» **Given data**
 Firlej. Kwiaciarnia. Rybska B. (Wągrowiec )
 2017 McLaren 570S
==
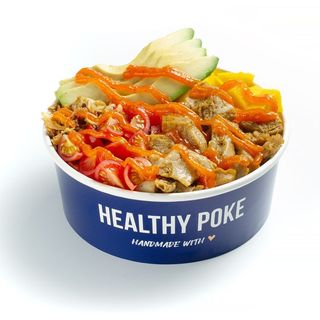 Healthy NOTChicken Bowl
---
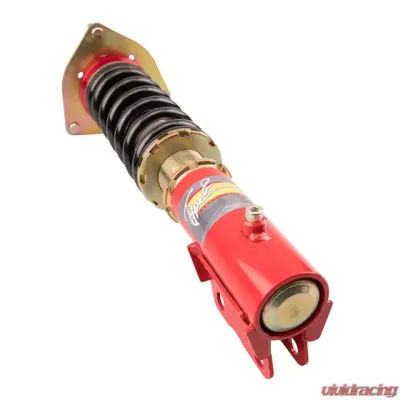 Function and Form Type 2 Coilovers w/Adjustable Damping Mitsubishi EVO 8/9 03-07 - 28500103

» **Exercise instructions**
Word for word, restate the lines above from the line containing "Firlej. Kwiaciarnia. Rybska B. (Wągrowiec )" through the line containing "2017 McLaren 570S", with both included and nothing else.

» **Exercise output**
 Firlej. Kwiaciarnia. Rybska B. (Wągrowiec )
 2017 McLaren 570S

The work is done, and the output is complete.